Он едва не закричал. Это не игрушки, Клара, на этот раз не игрушки. Игры кончились. Доигрались! Но он говорит:
— Я в жопе, Клара. И если все подтвердится, ты тоже.
Она вздрагивает, но молчит. Не помогает ему.
У нее красиво. Красиво и современно. Красивый паркет, поскрипывающий под ногами. Квартира-студия с кухней в одном углу, столовой в другом, гостиной в третьем и спальней в глубине, за ширмой. Они вместе отмечали новоселье. Лет пять назад, после их встречи на выставке. Она усмотрела в этом добрый знак. Сколько мужиков она с тех пор перетаскала в этот свой уголок-спальню?

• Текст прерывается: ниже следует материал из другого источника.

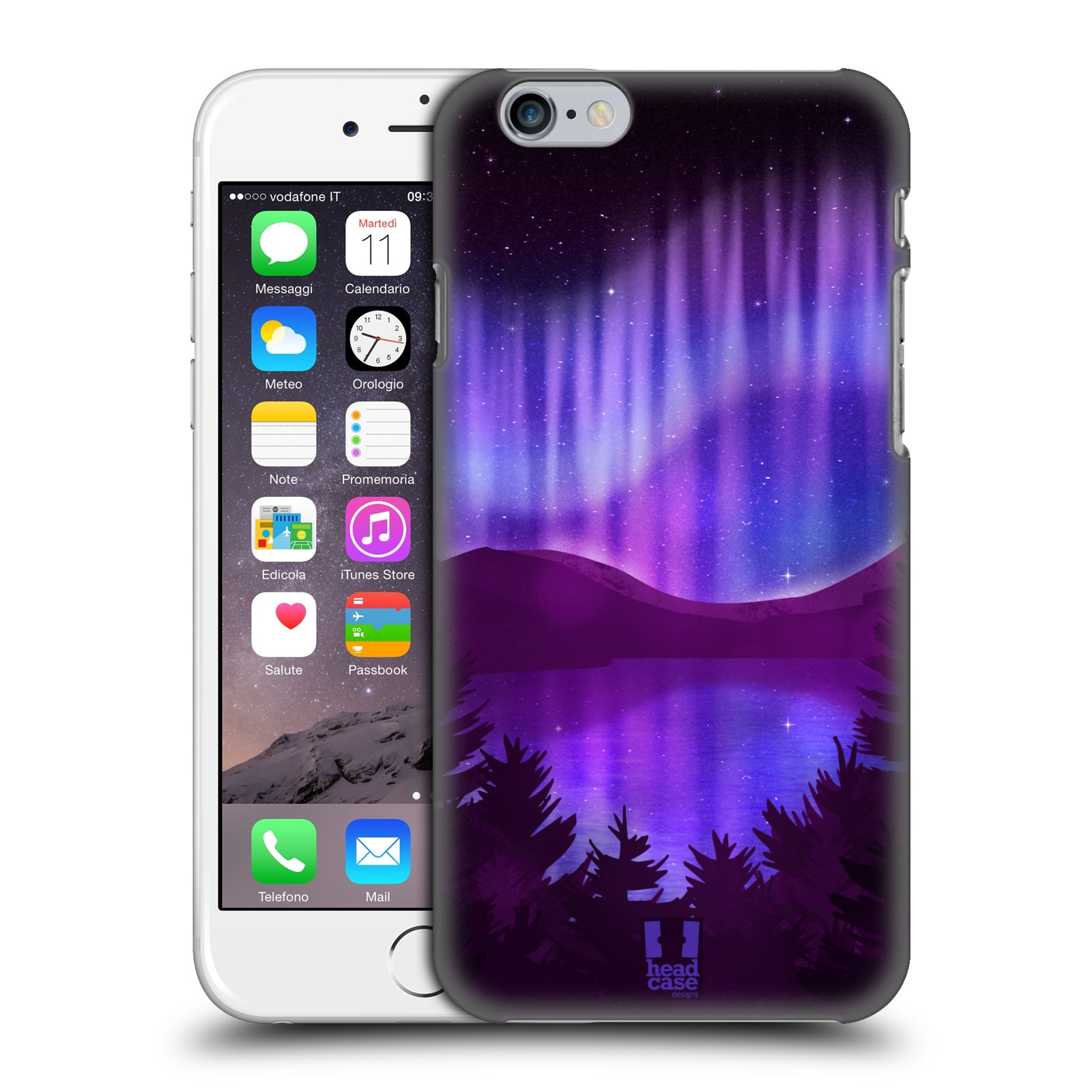 Zadní obal pro mobil Apple Iphone 6/6S - HEAD CASE - Polární záře jezero, hory, les
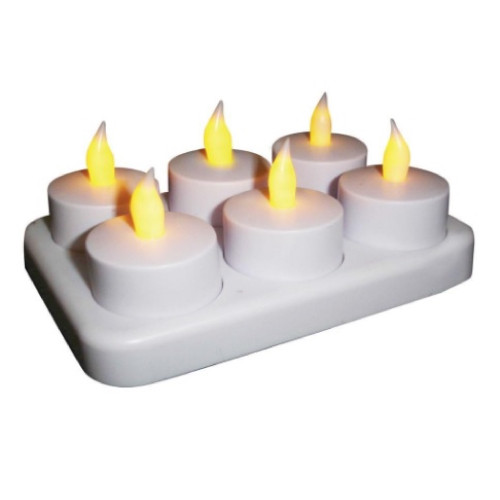 Pack of 6 White Rechargeable Flameless Tea Light Candles with Recharging Station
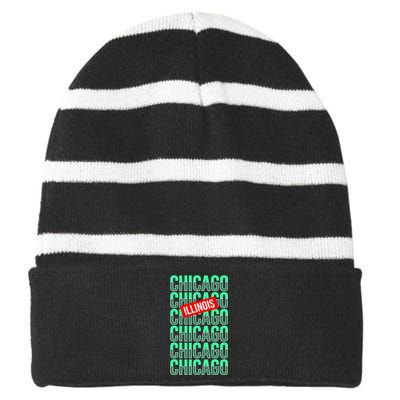 Chicago Illinois Typography Striped Beanie with Solid Band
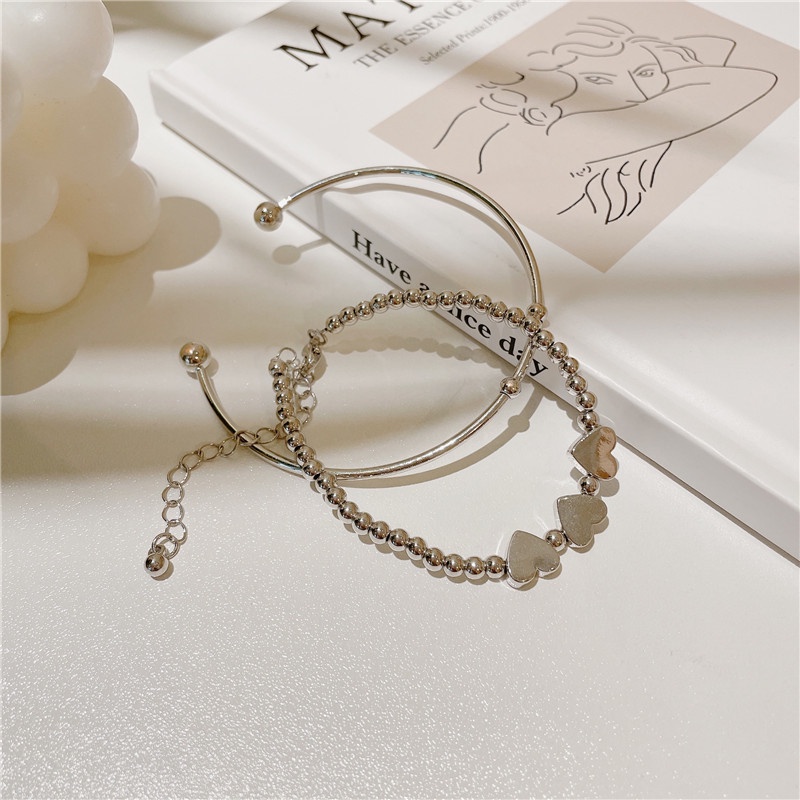 IFYOU 2pcs / set Gelang Model Terbuka Aksen Manik-Manik Hati Gaya Korea Untuk Wanita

— Ты ни о чем не спрашиваешь? Ты же мне звонила… Хотела меня видеть? Увидела, и не пожалеешь.
Она по-прежнему не двигается. Молчит и ждет.
— Я тебе говорю, что если все подтвердится, мне пиздец, а ты как язык проглотила! Вот что тут такое, а? Что тут такое?
Он тычет себе в грудь, в живот. Машет руками.
Она молчит. Он всегда любил драматизировать, играть на публику. Клара тянется вперед и ловит взгляд Рафы. Завладевает им. Скажи мне, Рафа, скажи все, ты же знаешь, что ни слова не сорвется с моих губ, чтоб помочь тебе. Я слишком осторожна. Сколько раз ты завлекал меня в свои сети, а потом отшвыривал, измученную, с истерзанным сердцем? Сколько раз я верила тебе снова и снова, а ты уходил тайком, как вор, и я из газет узнавала, что красивый, обаятельный и гениальный Рафаэль Мата встречается с мадемуазель Такой-то, хотя еще накануне мы засыпали, тесно прижавшись друг к другу, так тесно, что между нашими телами нельзя было просунуть лезвие ножа? Я звонила тебе утром не для того, чтобы получить в ответ ненависть и боль, а чтобы помириться. В ее глазах мелькнули слезы, невысказанные упреки — и тут же пропали. Злость, потому что они потеряли впустую столько времени, и слезы, потому что потеряют столько же. Клара знает: по-другому у них не получится.